Making sure this emerging, vital future becomes evenly distributed requires that we think and work differently than we have previously. Most importantly, we need to work in common beyond the confines of our own institutions and communities. We need to take a collective approach that borrows from the successful strategies of social movements. In particular, but not exclusively, we need to invest in:

  • Sourcing and curating the “sparks of light” that will illumine the way.
  • Nurturing leadership with the commitment and skills to adapt and nurture these sparks within their own institutions and communities.
  • Building networks of leaders working in common inside congregations, within communities, and across the continent.

Further, we need to engage in ongoing research and reflection that will guide us to become continually more effective in sparking and spreading innovative models of congregational (and part-time, communal-based Jewish) education that will inspire and guide children, teens, and families to live thriving Jewish lives in contemporary society.

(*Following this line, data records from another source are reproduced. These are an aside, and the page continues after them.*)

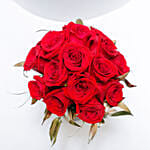 Red Roses Arrangement with Umrah Mubarak Topper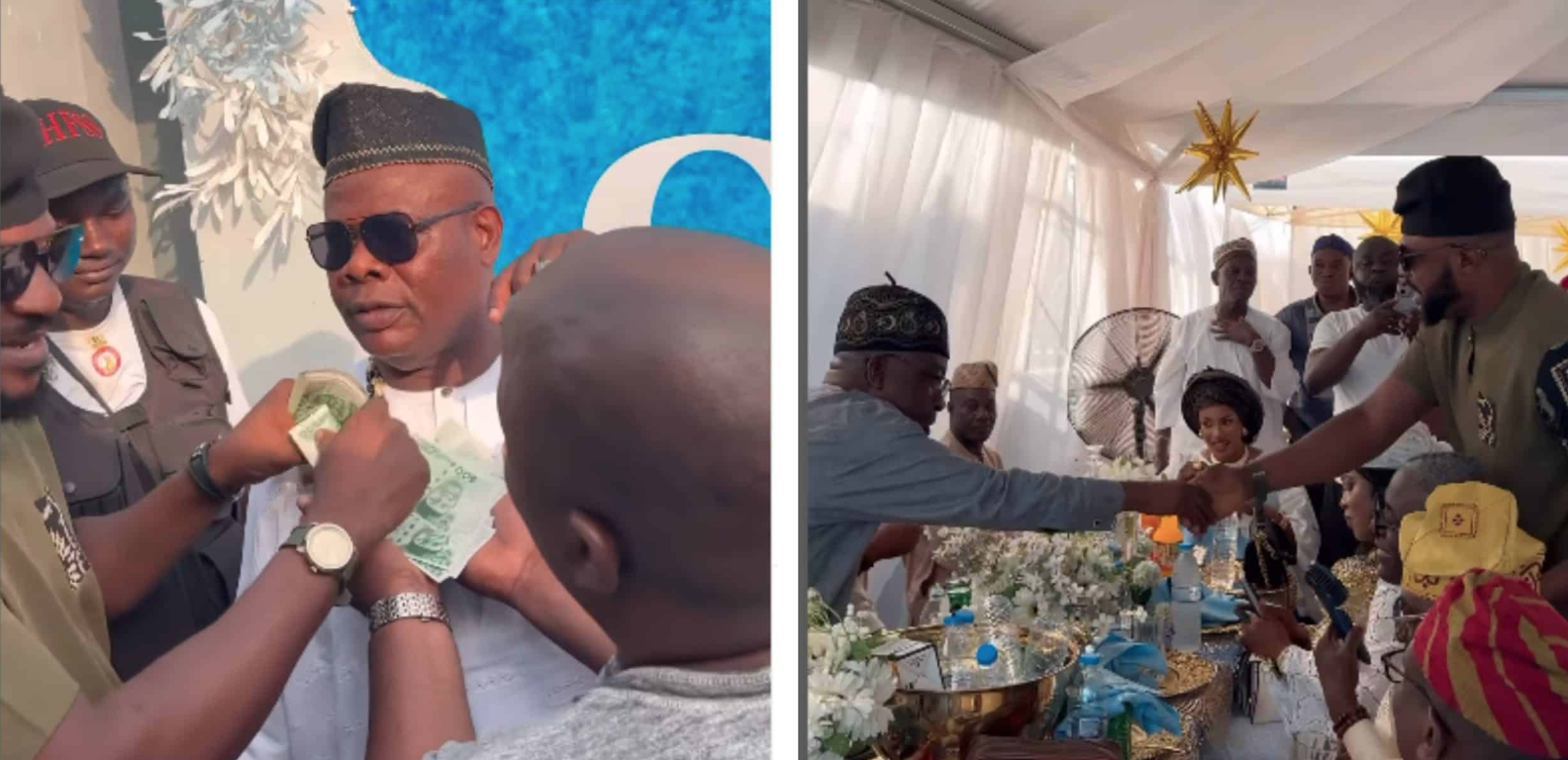 Money rains as Yoruba stars storm Yinka Quadri’s daughter’s engagement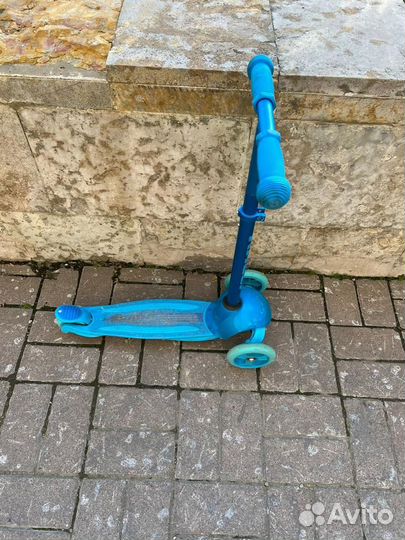 Самокат детский трехколесный бу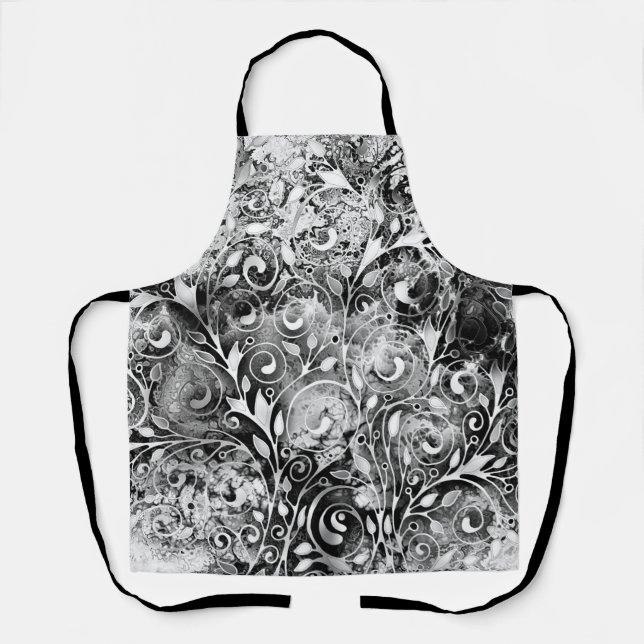 Tree Of Life - Spirals Leaves Grunge Style 1 Apron (Front)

During the course of this spring, you have been reading in this eJP series the ideas and visions of participants in an emerging coalition committed to transforming the paradigm of congregational (and part-time, communal-based Jewish) education. A vital part of this continental coalition is Shinui: a network of 10 communal agencies (located in Boston, Chicago, Cleveland, Detroit, Houston, Los Angeles, New York, Philadelphia, San Francisco, and Toronto) that formed with initial funding from The Covenant Foundation. We, at The Davidson School of JTS through our Leadership Commons, have been working closely with Shinui (and the larger coalition) and are inspired by the new possibilities that we can achieve together. As Anna Marx, the Project Director of Shinui, recently articulated:

The partnership with the Davidson School offered us an important opportunity to work together to reflect on the individual approaches of our partner agencies and to begin to think forward about the impact we might make as a North American network.”

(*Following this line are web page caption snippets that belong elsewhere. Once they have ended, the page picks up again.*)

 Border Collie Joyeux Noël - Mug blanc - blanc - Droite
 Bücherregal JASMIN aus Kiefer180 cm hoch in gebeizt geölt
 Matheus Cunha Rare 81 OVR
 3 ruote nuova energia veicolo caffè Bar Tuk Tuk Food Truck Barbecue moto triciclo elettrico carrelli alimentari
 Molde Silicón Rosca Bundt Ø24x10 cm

For the first time ever, we have both a new, inspiring vision emerging from diverse congregations and the willingness of communal and national agencies from across denominations and throughout North America to work together to transform congregational education.

We ask that you join us in leading together toward this revitalized, thriving future for the Jewish people.

Dr. Bill Robinsion is dean of the William Davidson Graduate School of Jewish Education of The Jewish Theological Seminary.